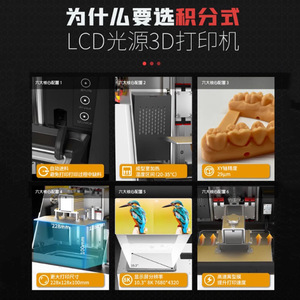 เครื่องพิมพ์เรซิ่น 3 มิติ Creality Halot DLP ความแม่นยำสูง รุ่นตั้งโต๊ะ สำหรับพิมพ์โมเดลตุ๊กตาและงานอุตสาหกรรม - Product Image 5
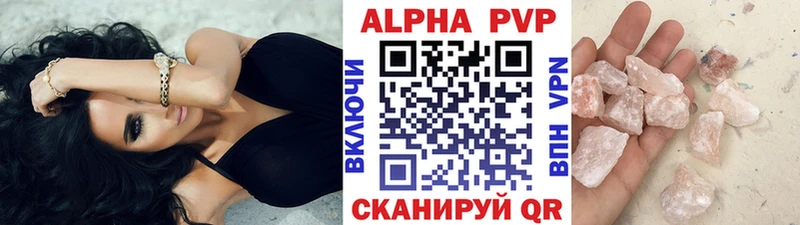 Alfa_PVP Crystall Карабаново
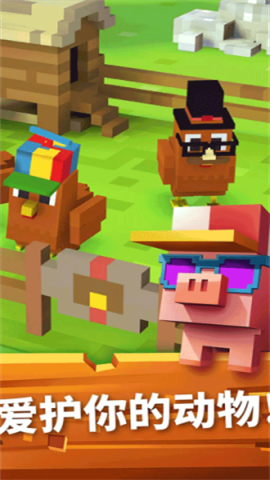 方块农场(Blocky Farm) 第3张图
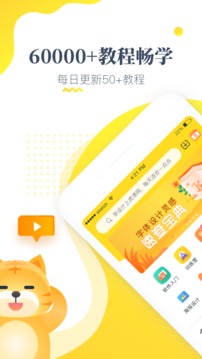 虎課截圖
-----
Work instruction:
Begin at the line containing "Alfa_PVP Crystall Карабаново" and restate exactly every line through the end of the material, skipping the pictures.

Solution to this problem:
 Alfa_PVP Crystall Карабаново
 方块农场(Blocky Farm) 第3张图
 虎課截圖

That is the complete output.